A different take on governor Jay Inslee’s capital gains tax, less broad and friendlier to small family-owned businesses, will likely be introduced later in this year’s legislative session.
“We are considering proposals similar to what the House has considered in years’ past,” said representative Noel Frame (D-Seattle). “For instance, the filing threshold has been higher in the past House versions, so that’s one major difference. Also what we have had the last several years is an exemption for bona fide family owned businesses.”
Frame emphasized the goal of any tax she and fellow Democrats propose is not to raise the burden on the general public, but to make sure those who are wealthiest pay their fair share.
“Low income people pay six times more in taxes of the share of their income than the wealthiest Washingtonians,” Frame said. “Our great hope is that any new tax policies that we’re having is good policy and it’s taking us a step toward making the tax code more equitable.”
The bill, as originally presented, received a harsh reception from small business owners and Republicans.
It proposed a 9 percent tax on profits realized from selling investments such as stocks and bonds and other property. A capital gains tax is the revenue centerpiece in Inslee’s proposed budget.
As originally proposed, Senate Bill 5096 would take effect January 1, 2022 on all capital gains over $25,000 for individuals, and over $50,000 for joint filers.
At its first hearing January 14, some said the bill was a disingenuous attempt to implement an income tax, which is not allowed under Washington’s constitution.
“Our budget is balanced right now, there’s no need to raise any taxes or create new ones,” said senator Lynda Wilson (R-Vancouver). “The problem with this income tax is that it’s an income tax and it’s not an excise tax. Washingtonians have said six different times that they do not want an income tax.”
Long-term capital gains are reported on federal income taxes, but typically are taxed separately from other income and at lower rates.
If the bill is passed in its current form, Wilson said it almost certainly will be challenged in the courts.
“If they don’t change their precedent from the 1930s when they came out and said income is property, then it should be [ruled unconstitutional],” Wilson said. “Every other state’s revenue departments tell us that they count this as income tax, so I don’t know how we could be an outlier in one state trying to claim that it’s an excise tax.”
Additionally, Wilson said that she believes if this tax passes as proposed, it would create the structure for eventually implementing a traditional income tax on citizens.

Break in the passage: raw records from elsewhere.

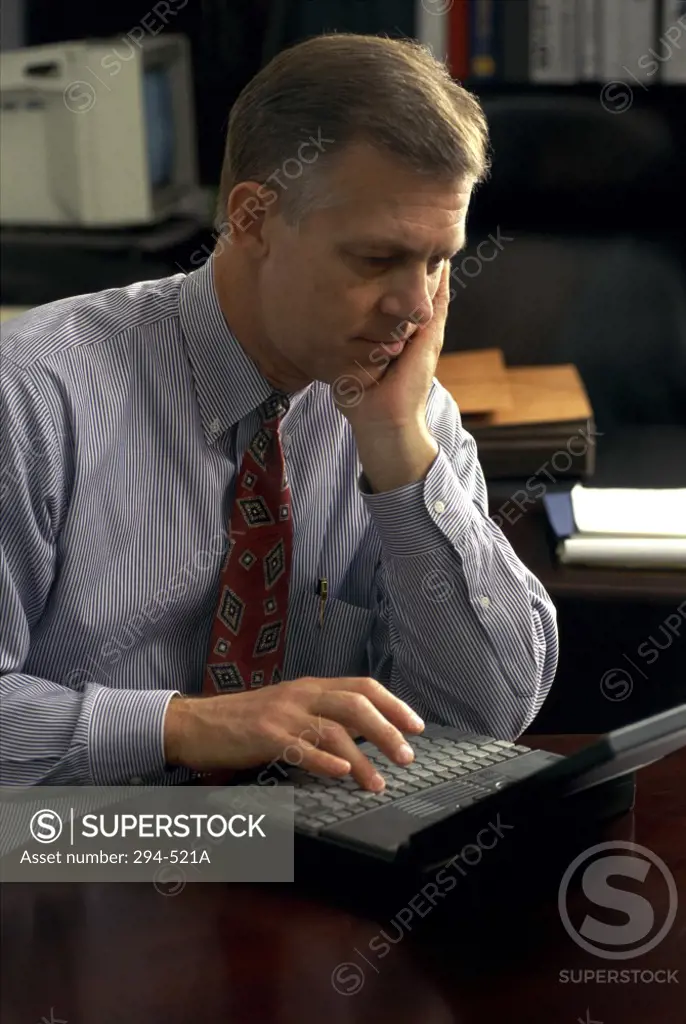 Businessman using a laptop in an office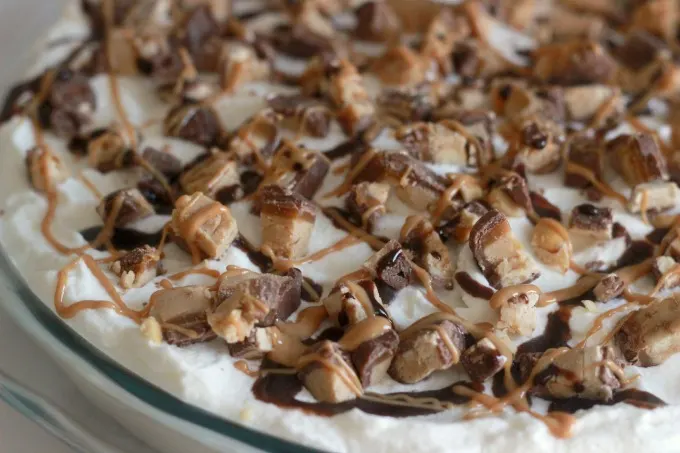 SNICKERS® Peanut Butter Pie. A delicious combination of peanut butter and chocolate that makes this easy peanut butter pie a recipe your family will love.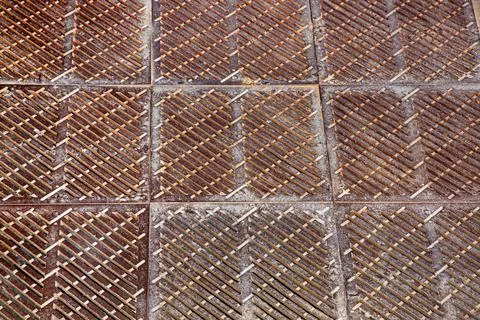 Old rusty square shaped drainage grate, the surface of the storm system. Stock Photos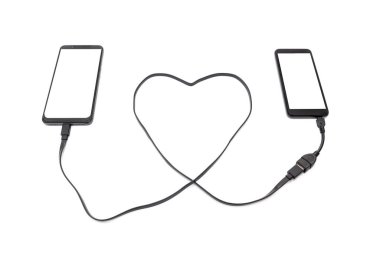 Kalp şeklinde bir USB kabloyla iki akıllı telefonu birbirine bağlamak. Uzak mesafe ilişkisi kavramı.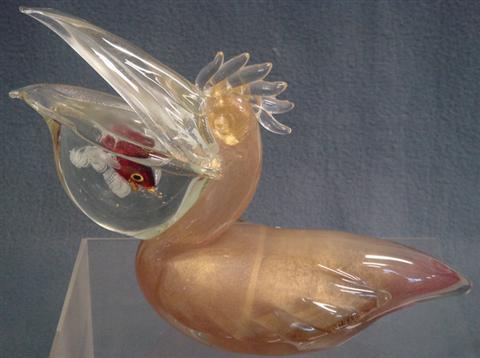 Appraisal: Venetian glass pelican with small fish in mouth interior of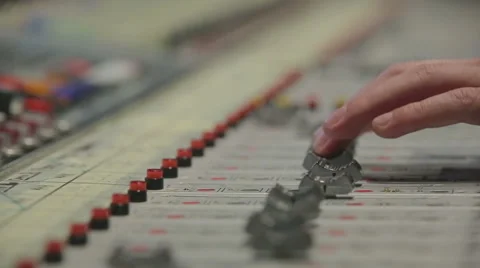 Close-up hands of sound engineer work with faders on mixer Stock Footage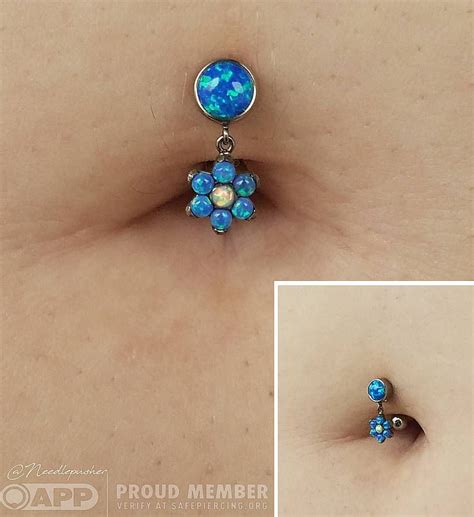 Fully Healed Floating Navel Piercing On Dana Featuring Her Custom Ordered Dark Blue And W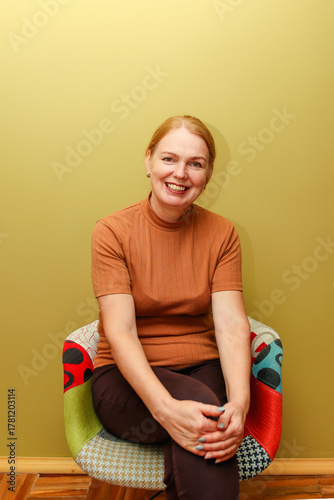 Smiling middle-aged woman with red hair in brown top sits on colorful patchwork chair against light green wall. portrait of a middle-aged woman 45 years old, with a warm smiling expression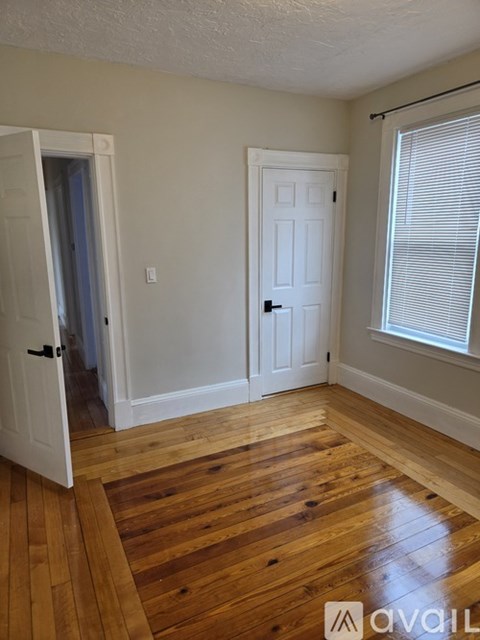 A room with a white door and a wooden floor.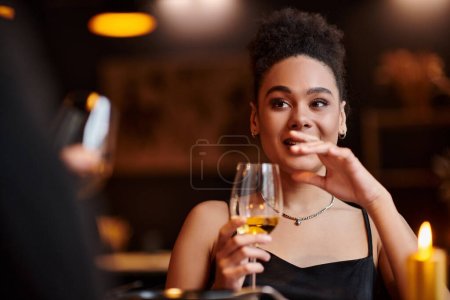 Photo for Young african american woman smiling and holding glass of wine during date on Valentines day - Royalty Free Image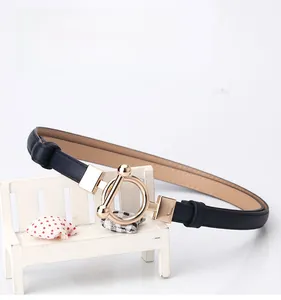 Detail of dark blue leather slim belt with gold round T-buckle for dresses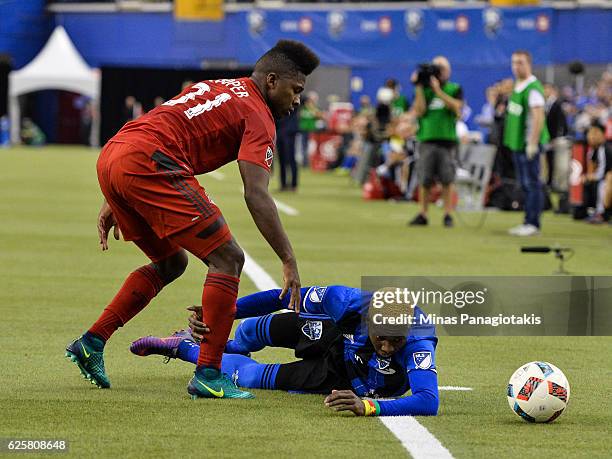 Armando Cooper of the Toronto FC challenges Ambroise Oyongo of the Montreal Impact during leg one of the MLS Eastern Conference finals at Olympic...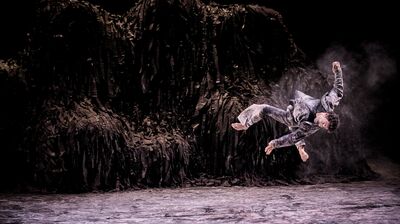 Performer wearing all black performing a flip through the air on a floury stage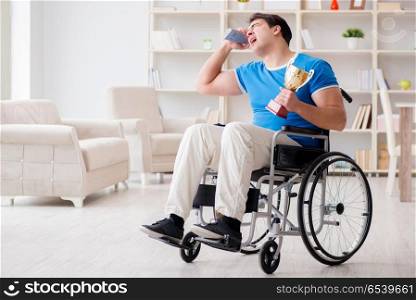 Disabled man watching sports on tv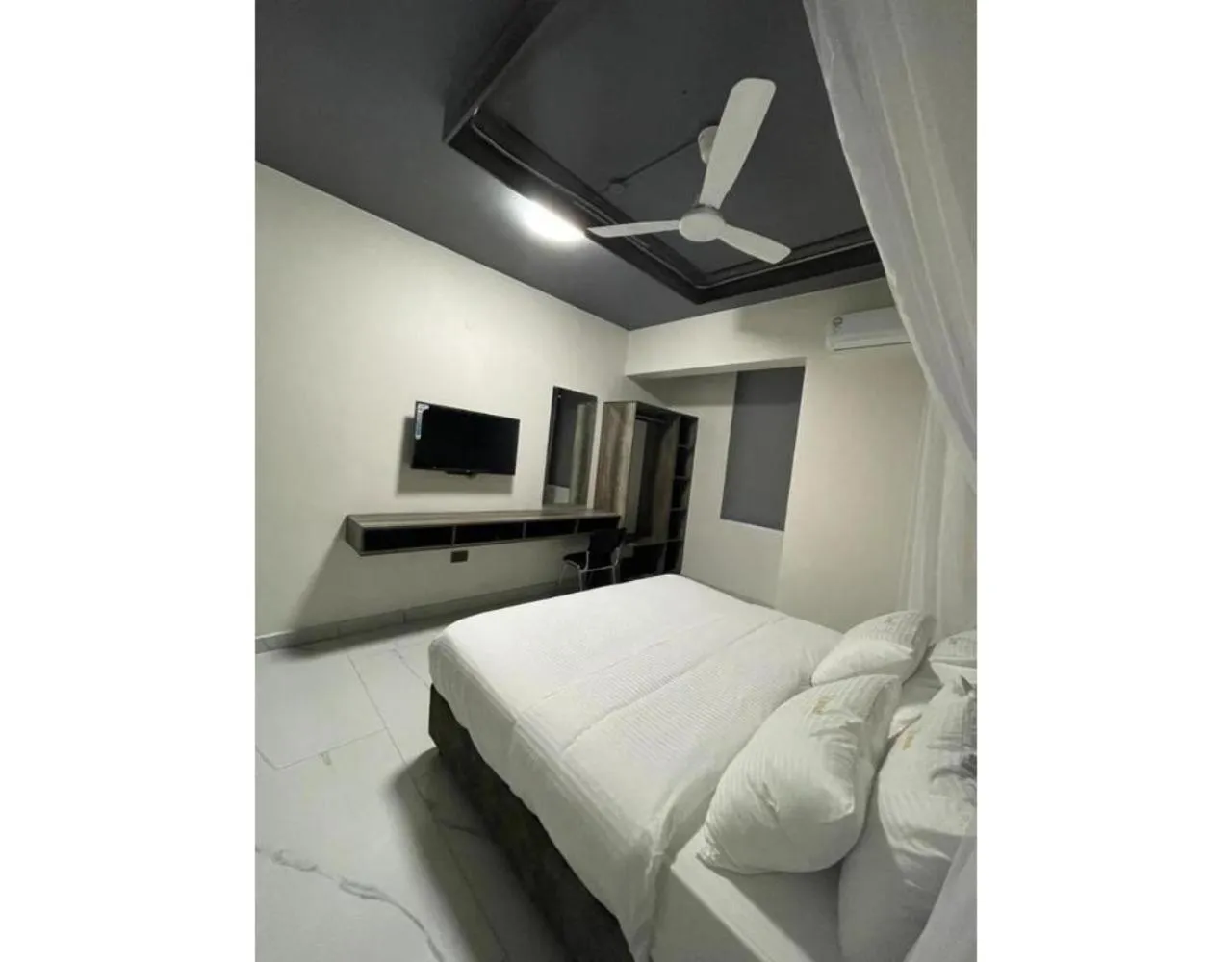 Bed in The Ivory Suites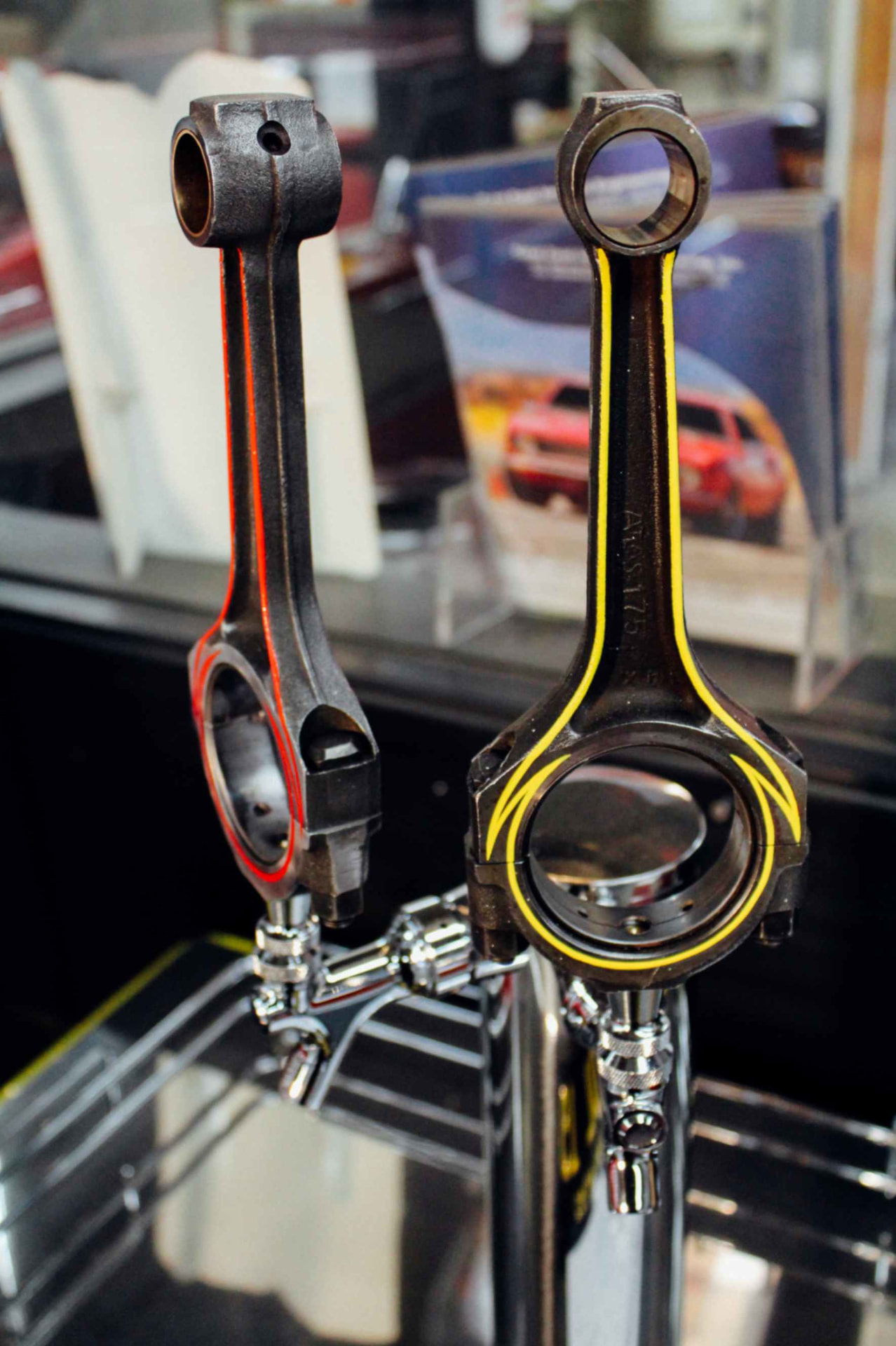Custom tap handles made from engine connecting rods, pinstriped red and yellow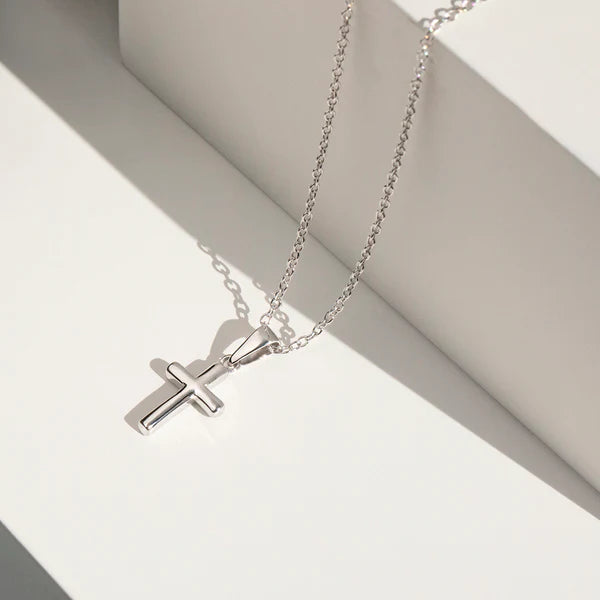 Girls sterling silver cross necklace and earrings from Melchior Jewellery displayed on white background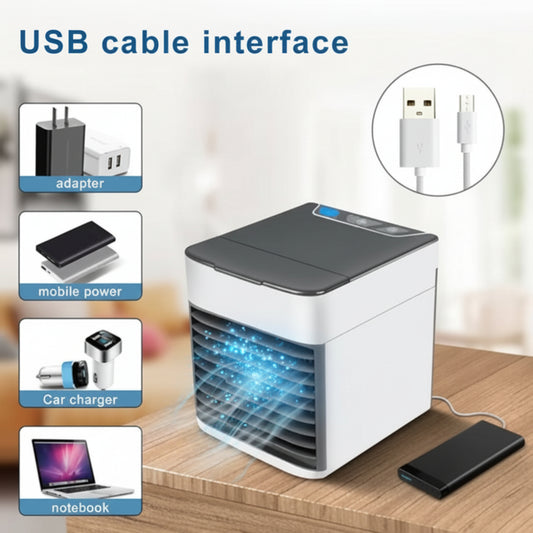 Portable air conditioner with USB cable interface on a wooden surface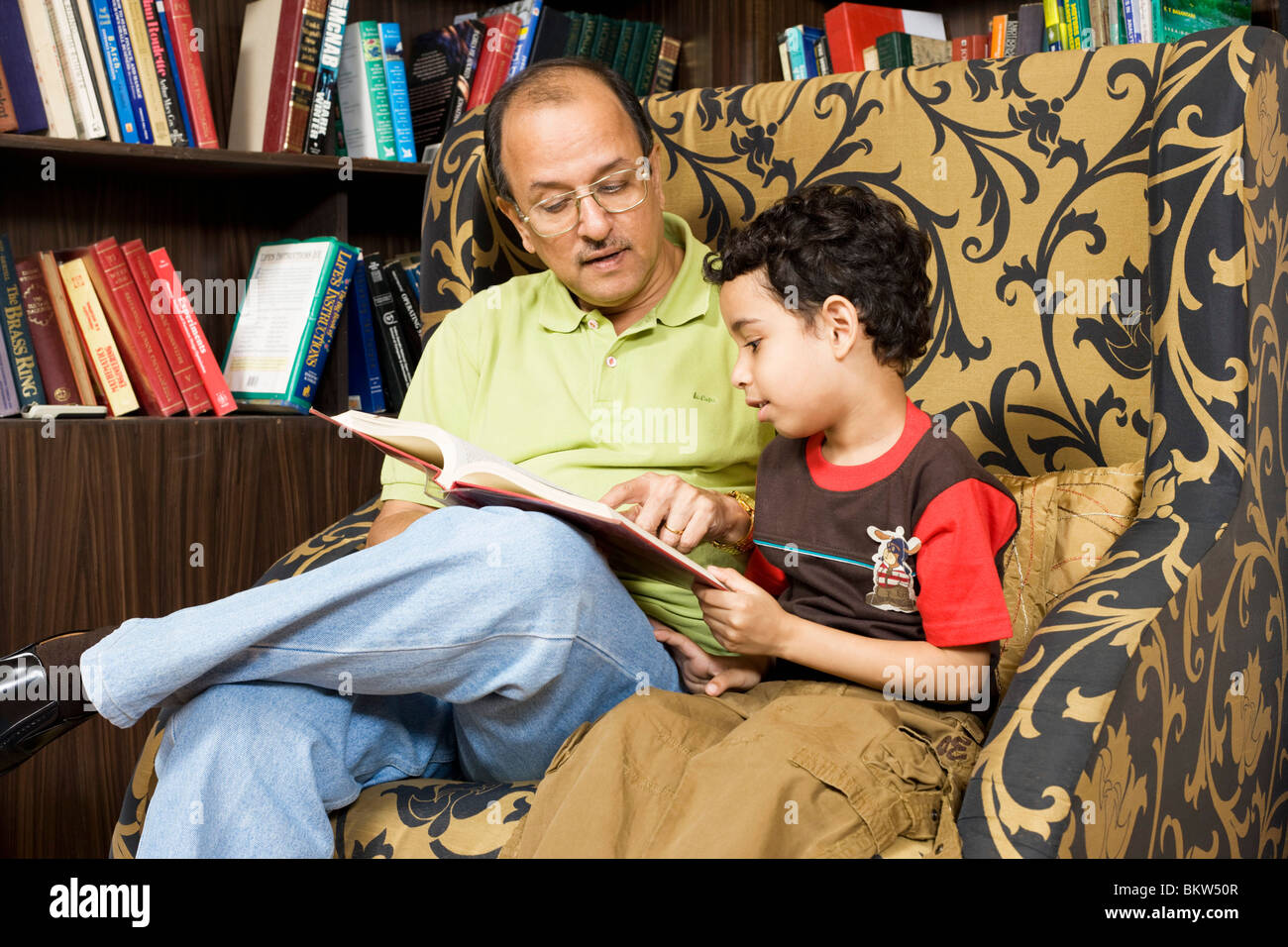 Il nonno con il nipote la lettura di un libro delle fiabe Foto Stock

While Democrats say the bill is mostly intended to tax the sale of long-term stocks and bonds, the selling of businesses and non-residential real estate are not exempt from the tax, leaving many worried about unintended consequences.
“It’s funny that when they talk about that, ‘This is a tax on the rich.’ I’m sorry but I don’t feel rich,” Lois Cook said with a laugh after testifying on the bill.
Cook has run America’s Phone Guys, a small business telecommunications retailer, with her husband since 2004. She was among the more than 100 people who testified on the bill at its first public hearing on January 14.
At the hearing, Cook expressed concerns that were echoed through the night. In its current form, small business owners and landlords who are relying on the eventual sale of their business or property for retirement are worried about how the tax could impact their future.
Cook admitted she and her husband have already discussed moving to a more tax friendly location, and if the tax is passed unamended, they would likely move out of state.
She also said she likes the concept behind the tax, and would support it if there were exemptions for small business sales.
Current exemptions in Inslee’s proposal include residential dwellings, assets held in a retirement account, livestock, timber and capital assets for a trade or business of a sole proprietorship among several other examples.
Jacob Vigdor, faculty legislative representative and professor of public policy and governance at the University of Washington, was among those who voiced support. He did so on behalf of the more than 4,500 members of UW faculty.
“Something that comes up perennially is this notion that we’re worried about the regressive nature of taxation in Washington state ... I think it’s just important for us to sort of make it known that we understand that support from the state is part of what makes the university work, and, you know, if we had our druthers, we would have that support be funded by a more progressive tax system.”
Vigdor also said worries about a slippery slope with more taxes immediately following is mostly unfounded.
“Given the difficulty of passing progressive legislation, and given the ballot propositions that can pop up when something passes, I don’t see a slippery slope,” Vigdor said. “I mean, if there is a slope it’s not slippery, it’s more like sandpaper.”